Start small, setting expectations for the first 30 days that tackle the little moving parts. In fact, Mind Tools offers some great tips on goal setting, and not just for PPC management. At the one month mark, all parties should feel comfortable with the direction, and at this point you can trim the fat. Don’t immediately ditch things until you see how they function, or not, in real time.
2. Lose the losers
With every single PPC account, a fantastic manager can find at least one ad group, key word or other issue that isn’t delivering. However, you need time to identify them, going campaign by campaign. Filters need to be ran to find those non-converting keywords. Refer to your goal sheet to find out which losers are holding you back, and then remove them with a heavy hand.
If you want a more advanced filtering approach, techniques. However, don’t forget about search funnels. Under the Tools tab, click on Conversion to see the overall search funnels reporting options. Remember that many ad groups, campaigns or keywords are going to stick during transition, lest the entire thing fall apart.

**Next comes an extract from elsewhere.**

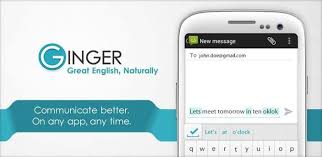 Ginger App Keyboard Typing Spell Amp Grammar Checker Techfiver Keyboard Typing App Any App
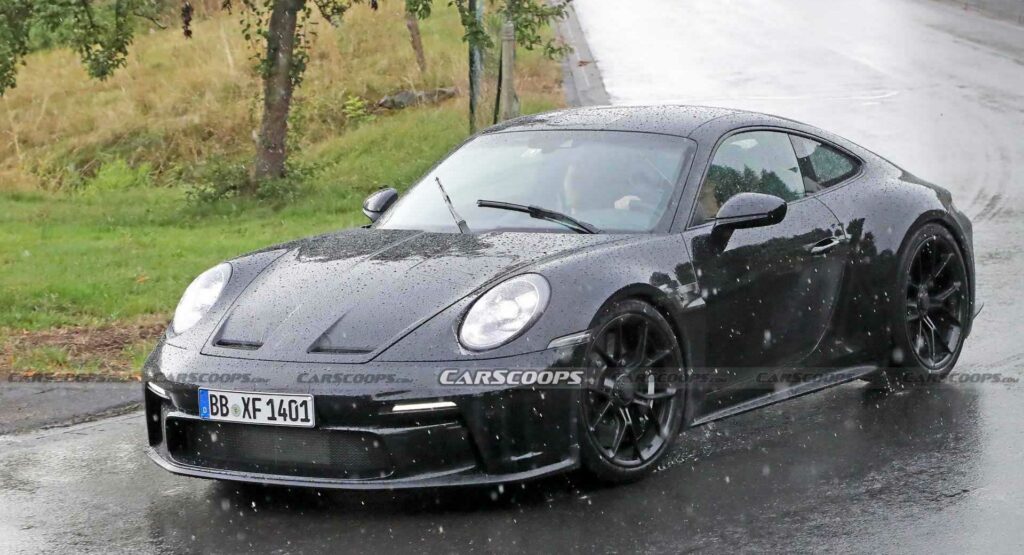  Porsche’s Iconic 911 ST Nameplate To Return In A Manual GT3 RS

3. Offer negative keywords
As your analyzing, you’ll find keywords that are negative and can be used. These should be under brand new lists for future use, such as words like “discount” that might not be appropriate for this campaign (but likely will be for others). Use the Shared Library in Bing or Google to create negative keyword lists.
4. Test everything
From current campaigns to the latest ad copy, make sure everything is tested. This will show you where new ad copy can assist. You might notice just one ad is running in any given group, and even if it’s performing well it could do a lot better. Make sure there are at least a couple of ads in any ad group. Other issues might include uneven ad rotating, poor rotation schedules, or campaign settings have too low of conversions.
Most importantly, don’t forget about easy fixes. Make sure those bid modifiers are on point, and that cost per conversion is balanced with a negative modifier. Your ad delivery method should also be customized, and accelerating them (if you have the budget for it) is a great start.